Lloyd’s has been preparing for Solvency II since the late 2000s and further progress was achieved in 2014. At the heart of this work is the need to secure approval from the Prudential Regulation Authority (PRA) for the Lloyd’s Internal Model to set its regulatory solvency capital requirement. Both the Corporation and the market need to meet Solvency II standards for this to be achieved. Failure to secure approval could, in a worst case scenario, mean a significant and immediate increase in regulatory capital requirements with negative implications for capital efficiency and the reputation of Lloyd’s.

The Corporation liaised closely with the PRA during 2014 and there was also strong cooperation with each managing agent. The expectation is that the vast majority of agents will have met Solvency II requirements by the time Lloyd’s makes its approval application to the PRA.

Given the importance of securing the approval, Lloyd’s advised agents in July 2014 that it intended to impose prudential measures in the form of capital loadings where progress is inadequate.
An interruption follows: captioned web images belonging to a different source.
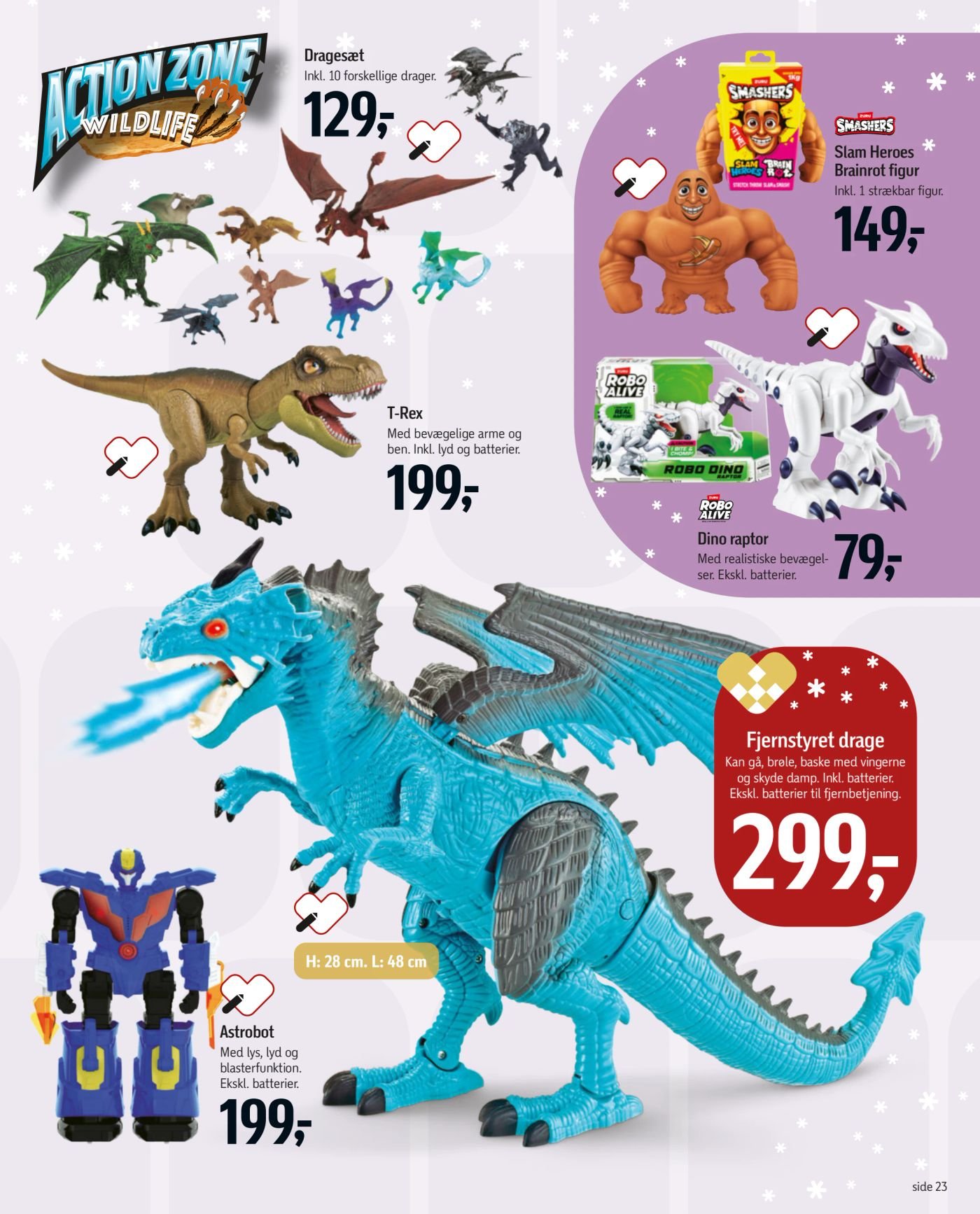 T-Rex – Føtex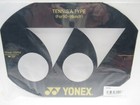 Yonex  Set Of Tennis Racquet Stencil  mid To Mp Size  And Red Stencil Ink Ac502a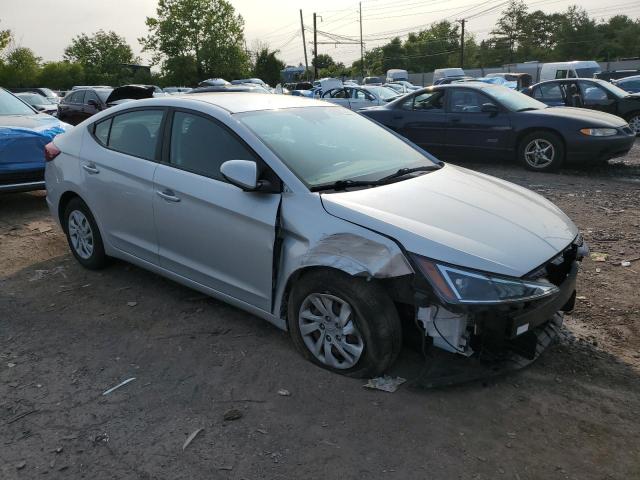  HYUNDAI ELANTRA 2020 Srebrny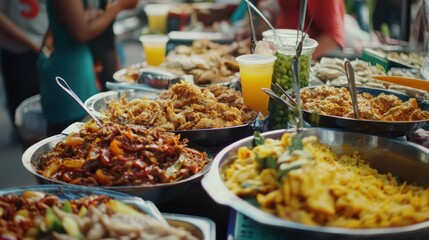 Delicious Street Food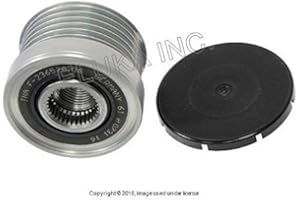 INA BMW OEM Alternator Pulley - Overrunning Type 525i 525xi 530i 530xi 528i 528xi 530xi X5 3.0si 128i X3 3.0i X3 3.0si 128i 323i 325i 328i 328xi 330i 323i 328i 328xi 328i 328xi 328i 328xi 328i 328xi 328i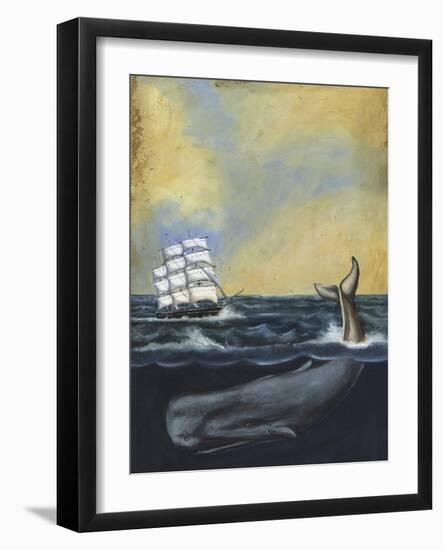 Whaling Stories I-Naomi McCavitt-Framed Art Print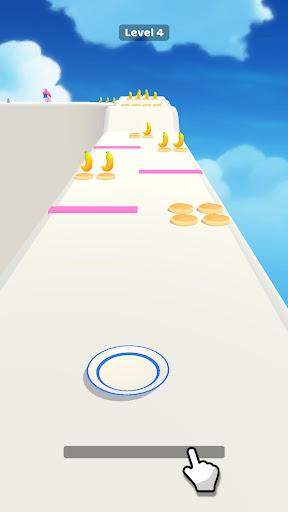 Pancake Run - Gameplay image of android game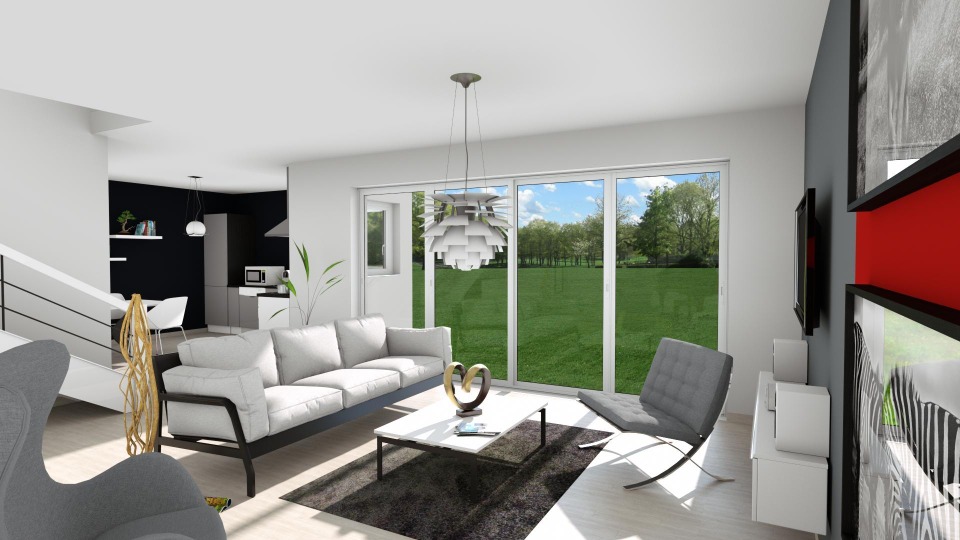 Photo AD2153187 3 - Terrain et Maison à construire - Labenne image 4/5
These have subsequently been applied for the 2015 capital setting process.

As the 2016 deadline approaches, preparations are also being made to meet supervisory reporting and disclosure requirements. In particular, Lloyd’s and other large insurers must make interim disclosure submissions to their supervisor by the end of June 2015. To prepare for this, Lloyd’s conducted a market dry run in the autumn of 2014.

Under Solvency II legislation, the decision to approve an application must be made within six months of submission. Lloyd’s will continue to work closely with the PRA once the formal review process begins, addressing queries and providing further clarification as needed.

Contingency plans are in place should they be necessary but it is hoped that the hard work of both the Corporation and each managing agent will help ensure Lloyd’s Internal Model approval.